■ Stored data
BEGIN

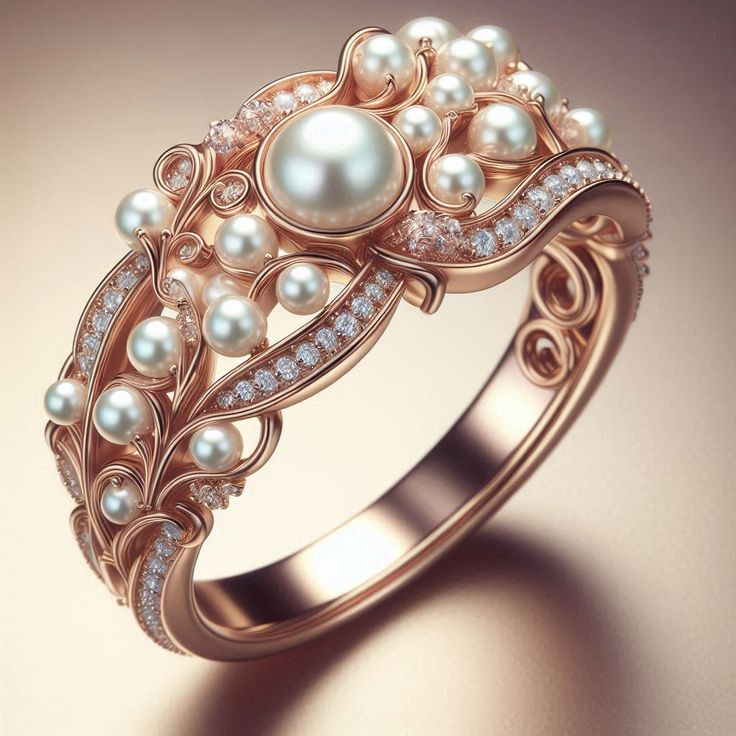 Bague Rose en Perles Exotiques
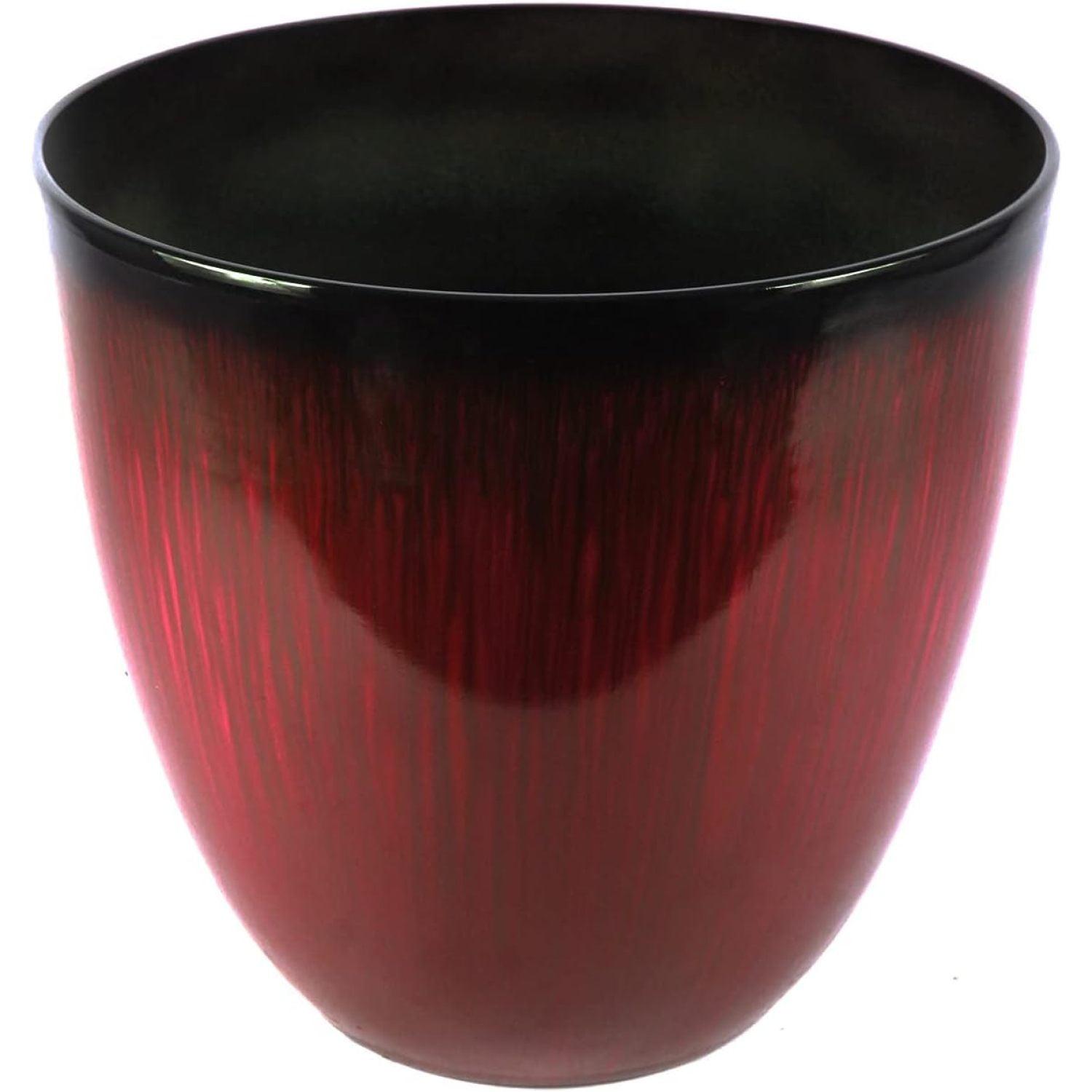 Contemporary Oval 15" Indoor/Outdoor Red Planter with Drainage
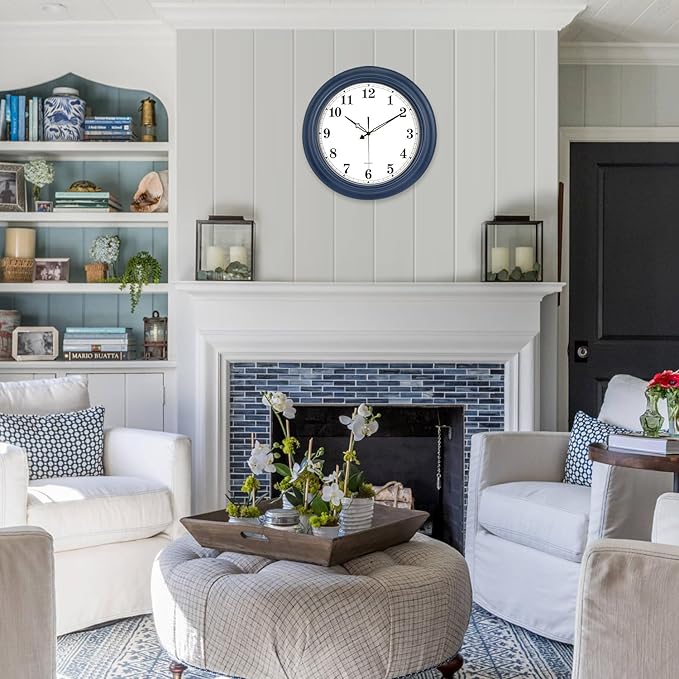 18 Inch Large Wall Clock, Battery Operated Silent Non-Ticking Indoor Outdoor Clock, Vintage Decorative Analog Metal Wall Clock for Living Room, Kitchen, Office, Patio - Blue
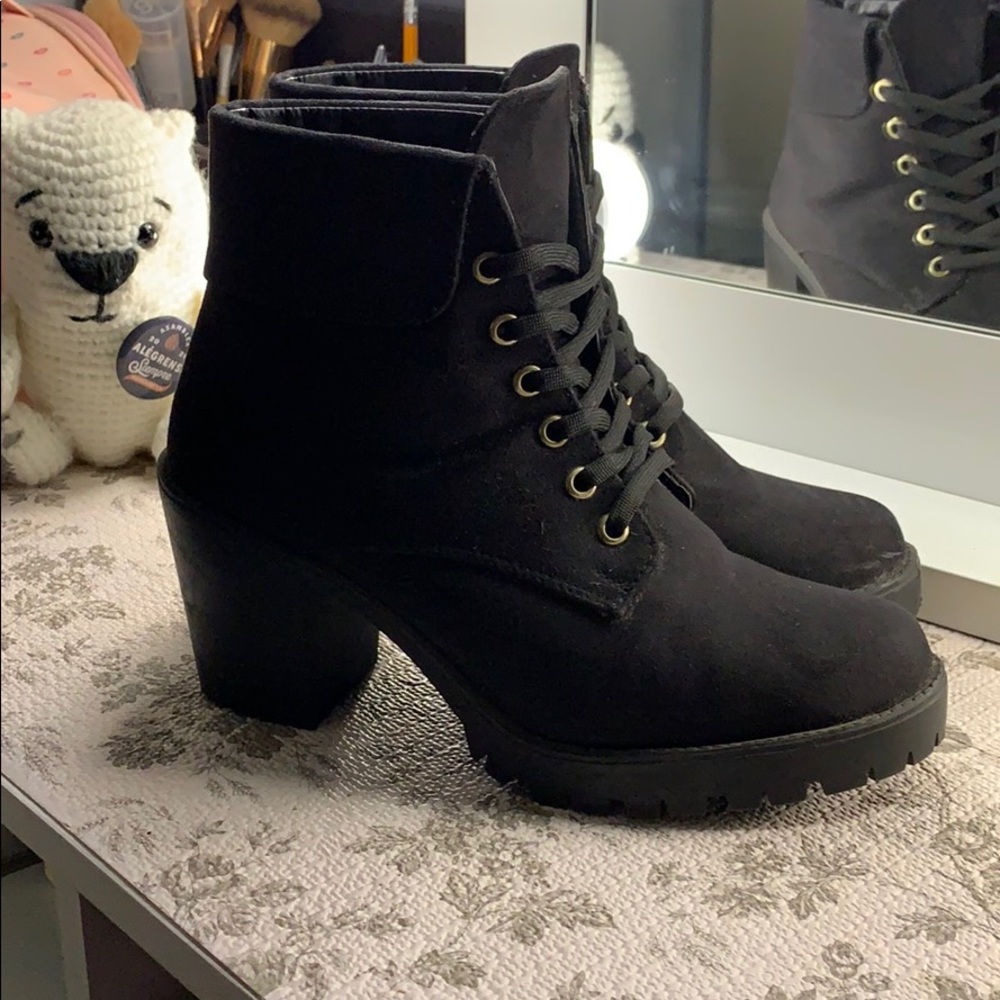 Faux Suede Lace up boots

END

Hand back the data above exactly, with no images.

■ Solution to the problem
 Bague Rose en Perles Exotiques
 Contemporary Oval 15" Indoor/Outdoor Red Planter with Drainage
 18 Inch Large Wall Clock, Battery Operated Silent Non-Ticking Indoor Outdoor Clock, Vintage Decorative Analog Metal Wall Clock for Living Room, Kitchen, Office, Patio - Blue
 Faux Suede Lace up boots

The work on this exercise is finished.